= Beginning of Section =

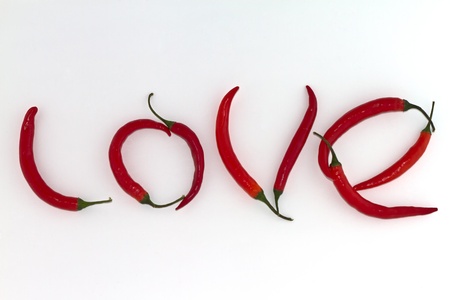 Red hot chili peppers arranged as the word LOVE on white backgroundの写真素材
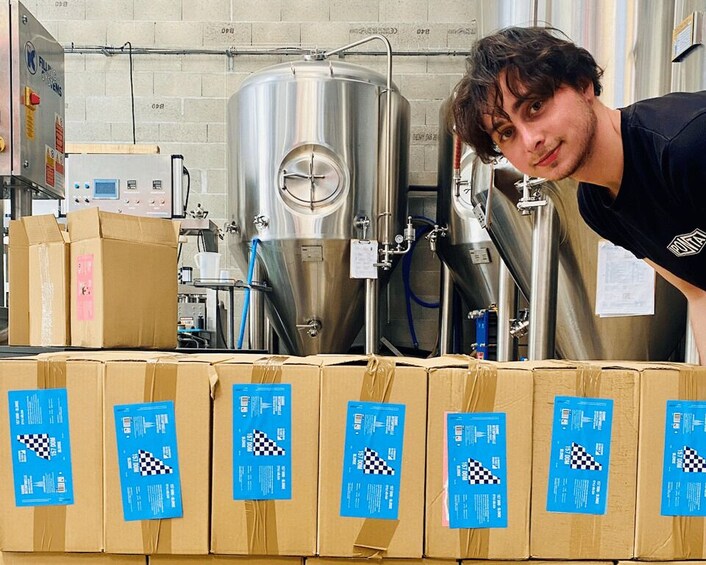 A person in a black shirt leaning over a row of cardboard boxes with blue labels, in a room with stainless steel brewing equipment. 3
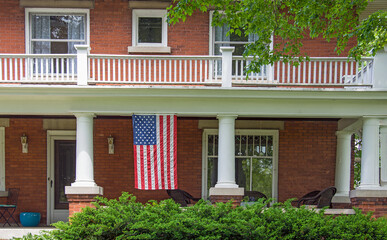 old brick house with American flag hanging on front porch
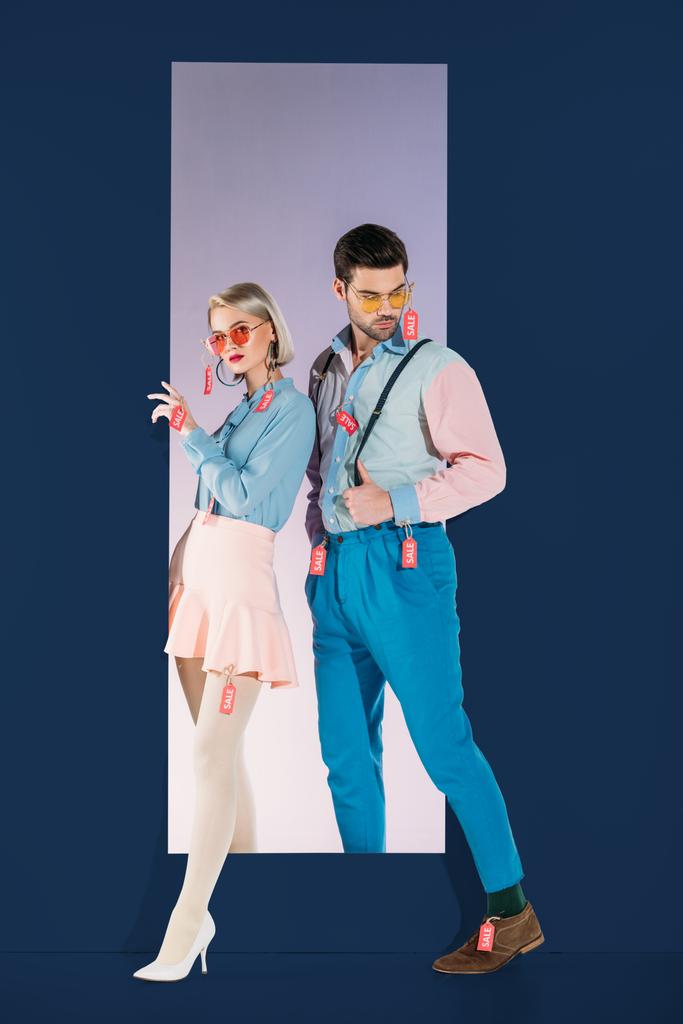 attraktives Paar in modischer Kleidung mit Verkaufsetiketten isoliert auf blau - Foto, Bild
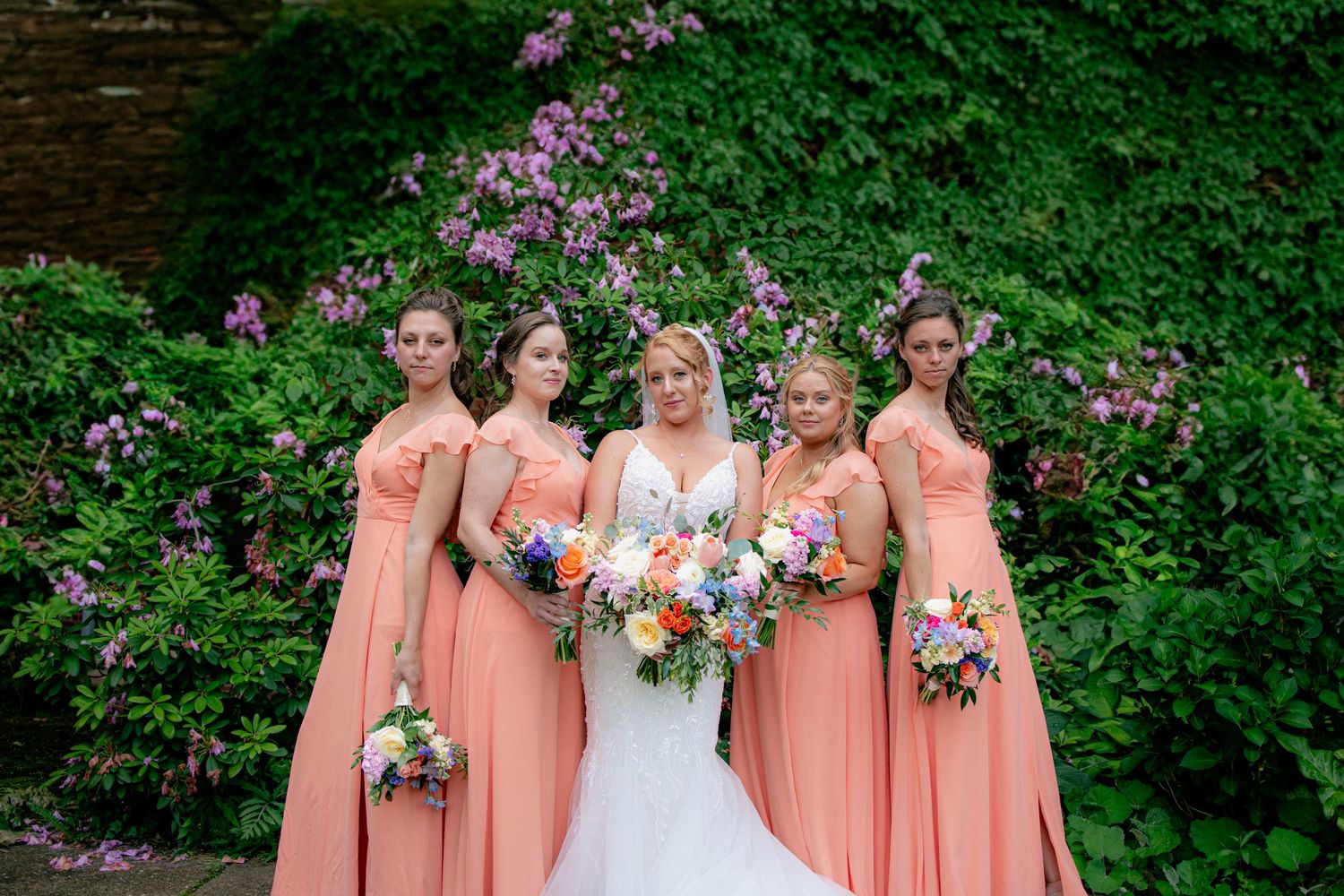 Bride in white gown poses with four bridesmaids in coral dresses holding colorful bouquets before a flowering green hedge.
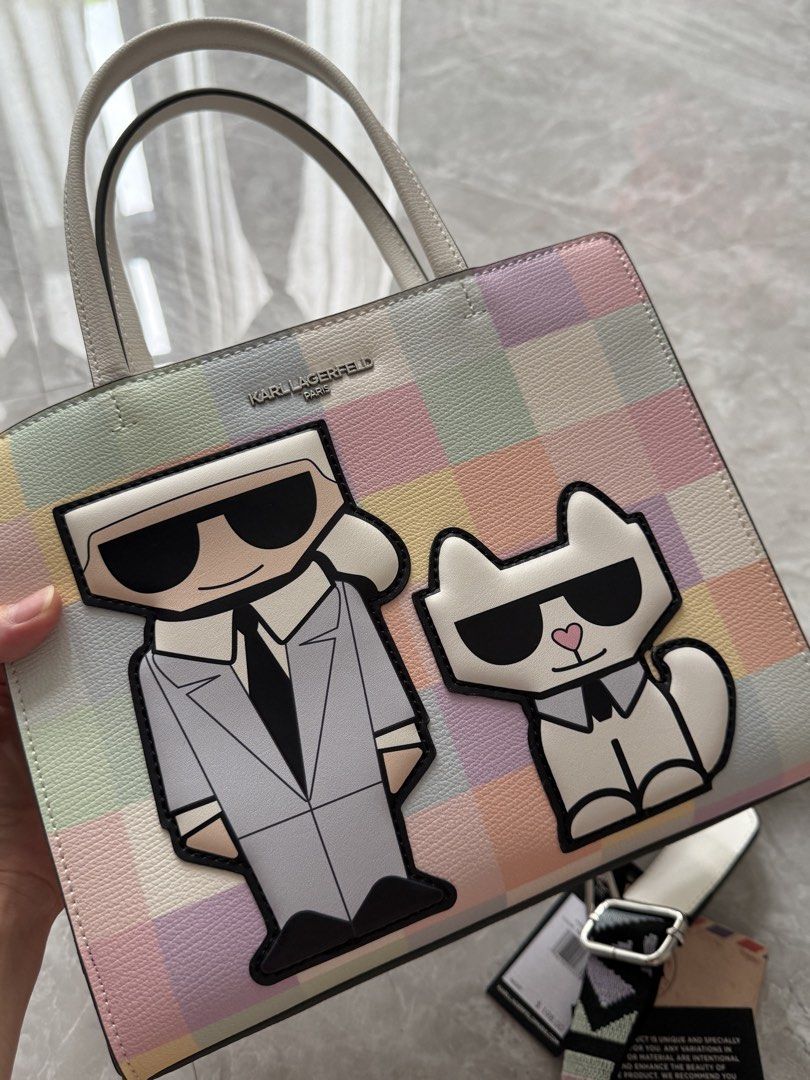 Authentic Karl bag (Category: Luxury Bags & Wallets) located in Valenzuela. Submitted by iamjackee (Listing ID 1442758622, Image 1). Description: Like New. Nagamit once lang sa mall. Complete with tag. Please check photos May maliit na mark, nung binili ko sa us preorder meron na sya.. Rfs: not my style.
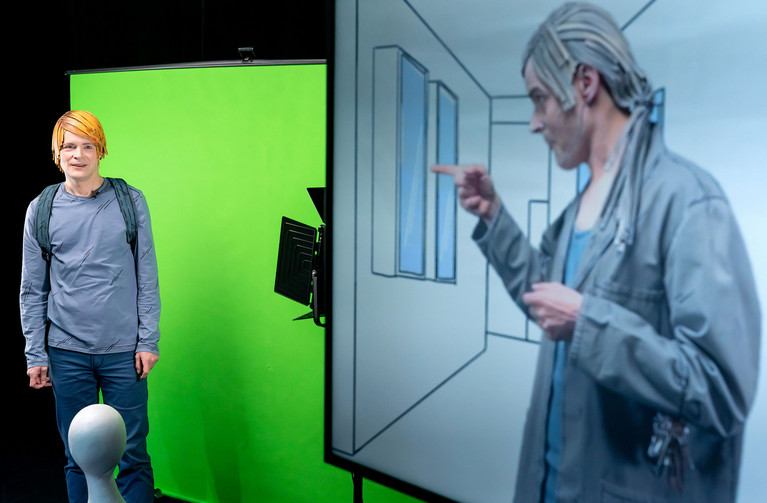 Schauspieler Sven Reese links im Bild vor einem Greenscreen. Rechts im Bild ein großer Bildschirm, in dem Sven Reese in einer anderen Kostümierung in einer gezeichneten Umgebung zu sehen ist.
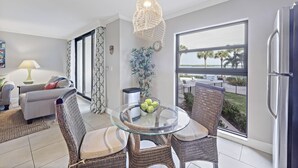 Un salon moderne avec une table à manger au plateau en verre, des chaises en osier, un canapé, une lampe et une vue sur l’océan grâce à de grandes fenêtres.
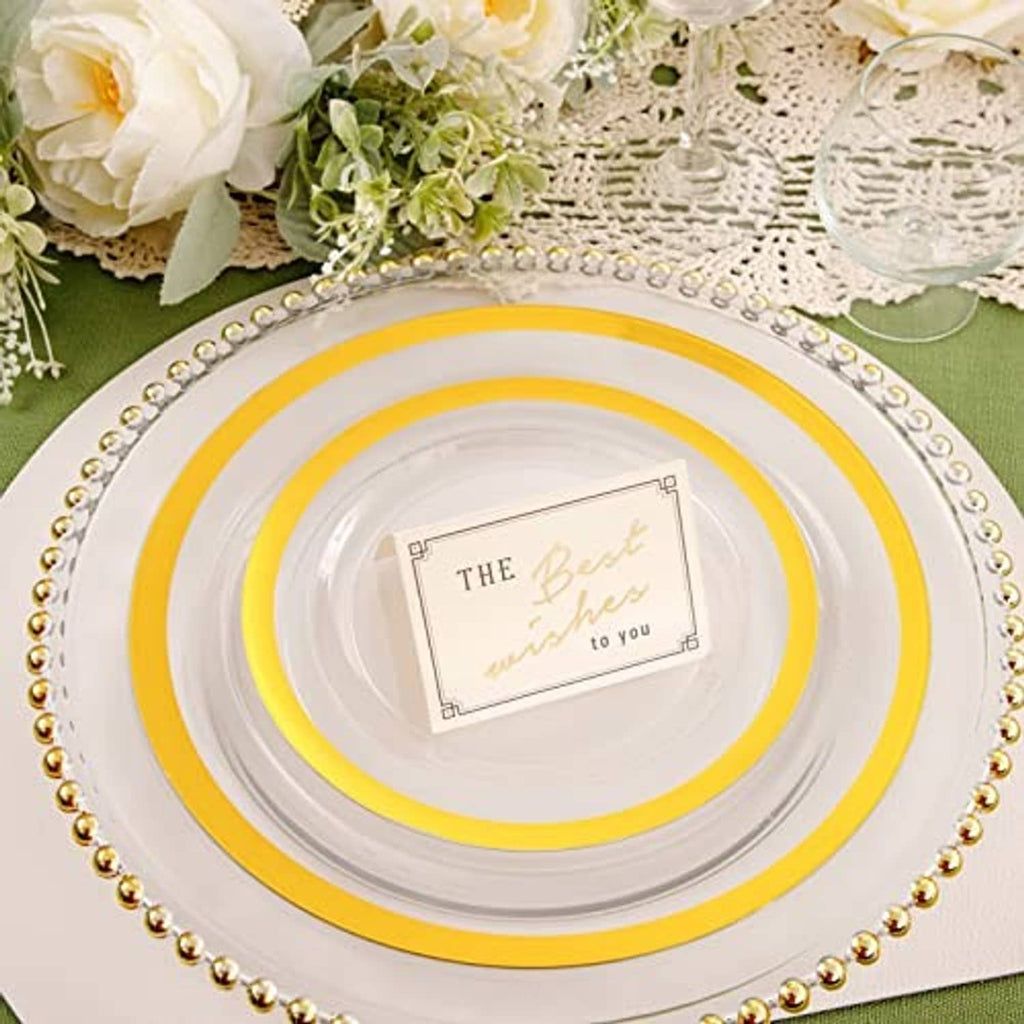Gold beaded border charger with white plate and yellow-gold concentric trim
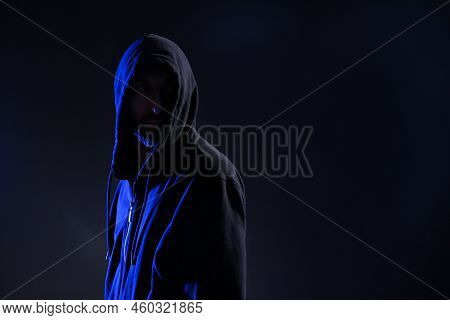 Man In Hood On Dark Background, Space For Text. Cyber Crime
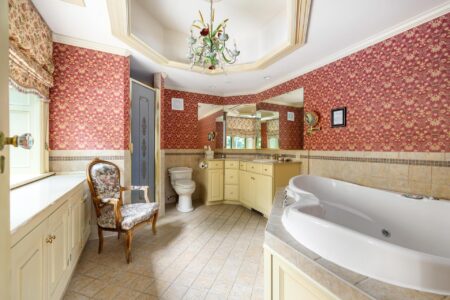 A Lake George resort bathroom with red wallpaper and a bathtub.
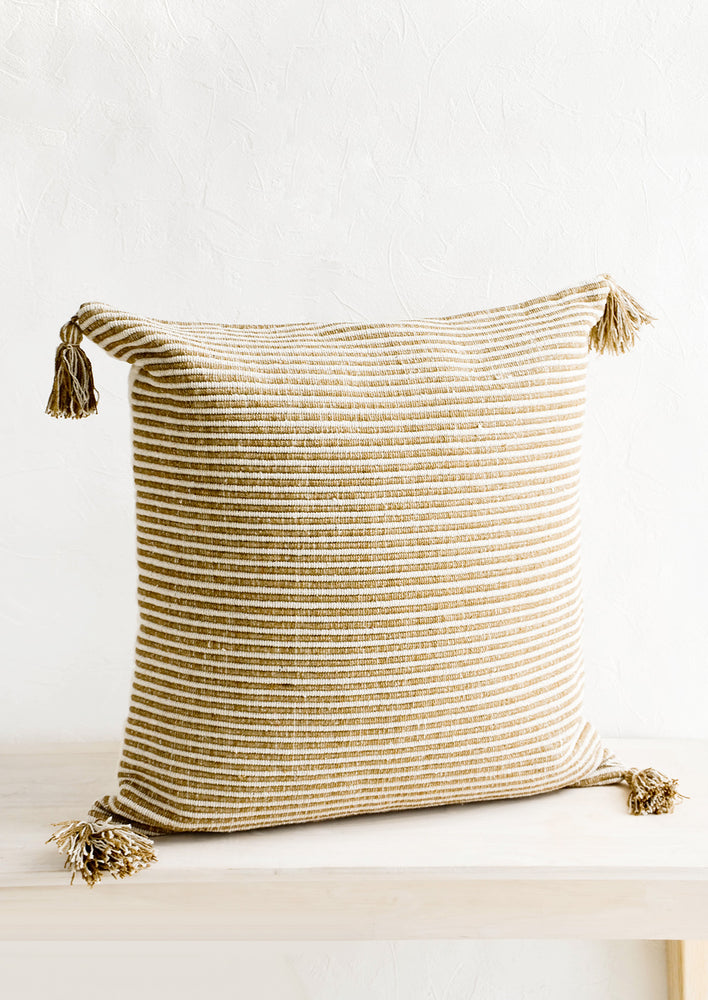 Large square throw pillow in textured light brown and cream stripes, decorative tassel at each corner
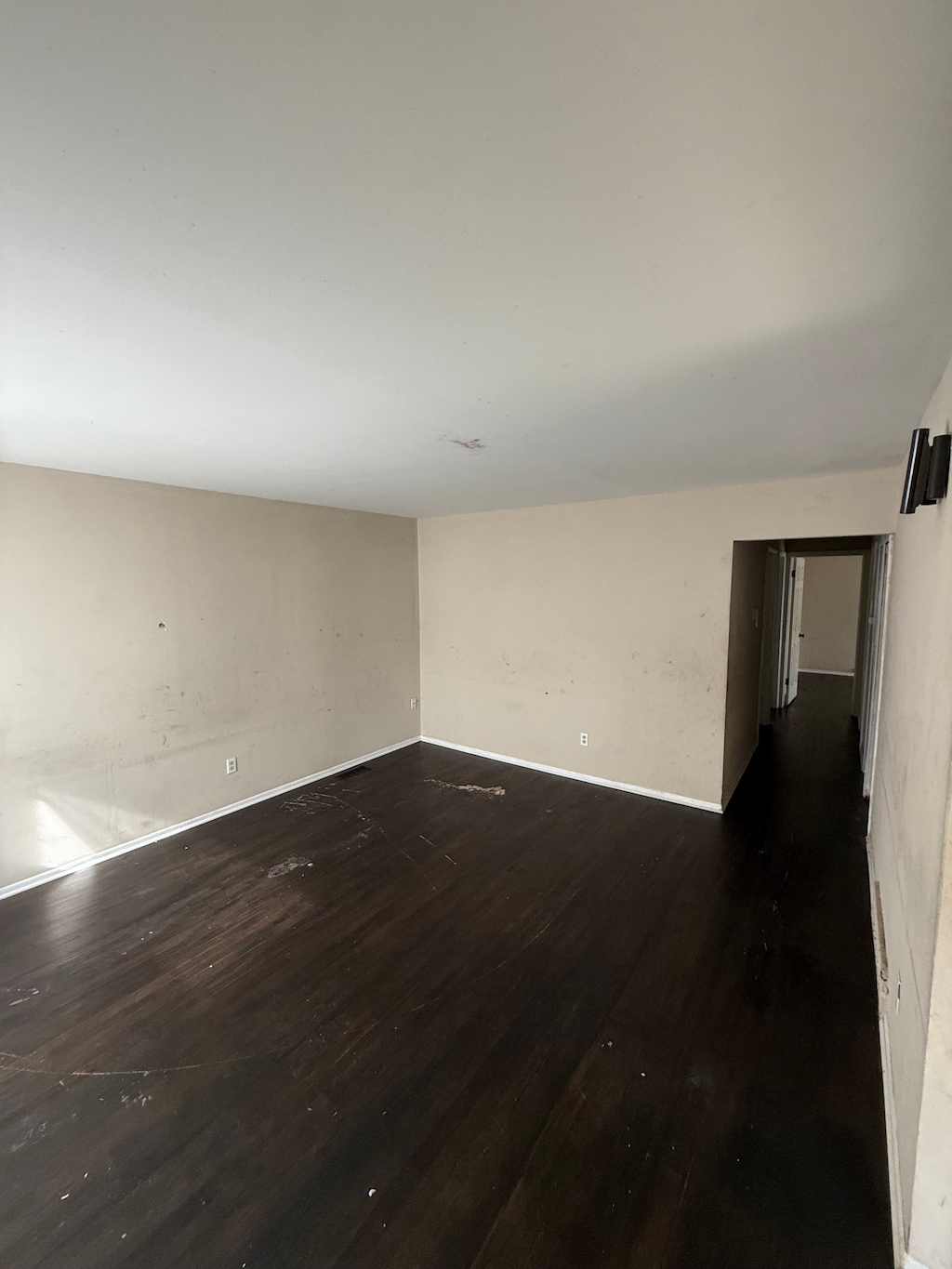 4123 Burton St, Inkster, MI 48141 - spare room with dark wood-style floors and baseboards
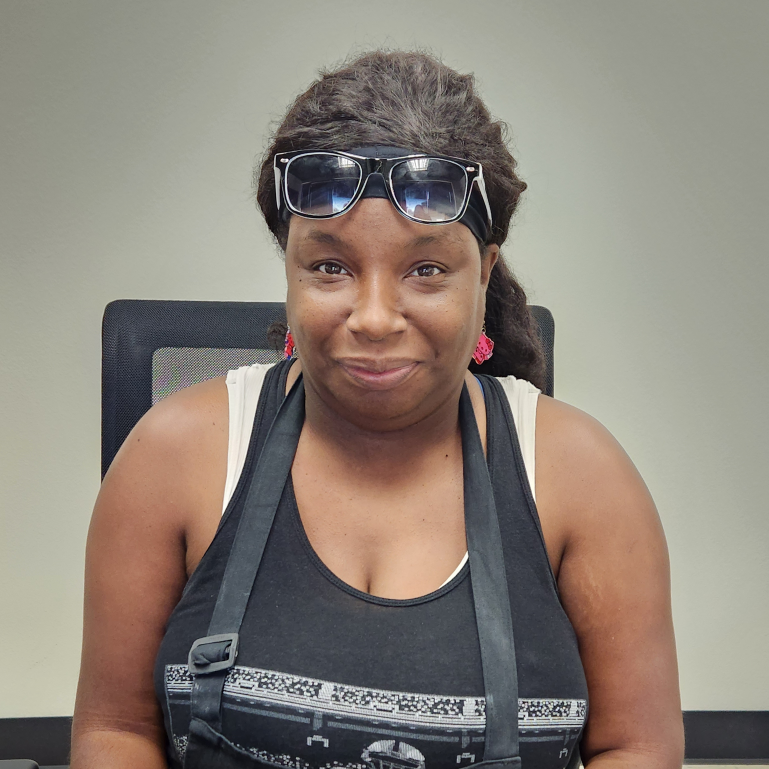 A picture of A'Tayvia-Ashwood smiling while sitting in an office chair.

= End of Section =

Task to carry out - Would you please output only the lines from the start of the material above up to and including the line with "Authentic Karl bag", exactly as they appear and without pictures?

Answer space -
 Red hot chili peppers arranged as the word LOVE on white backgroundの写真素材
 A person in a black shirt leaning over a row of cardboard boxes with blue labels, in a room with stainless steel brewing equipment. 3
 old brick house with American flag hanging on front porch
 attraktives Paar in modischer Kleidung mit Verkaufsetiketten isoliert auf blau - Foto, Bild
 Bride in white gown poses with four bridesmaids in coral dresses holding colorful bouquets before a flowering green hedge.
 Authentic Karl bag (Category: Luxury Bags & Wallets) located in Valenzuela. Submitted by iamjackee (Listing ID 1442758622, Image 1). Description: Like New. Nagamit once lang sa mall. Complete with tag. Please check photos May maliit na mark, nung binili ko sa us preorder meron na sya.. Rfs: not my style.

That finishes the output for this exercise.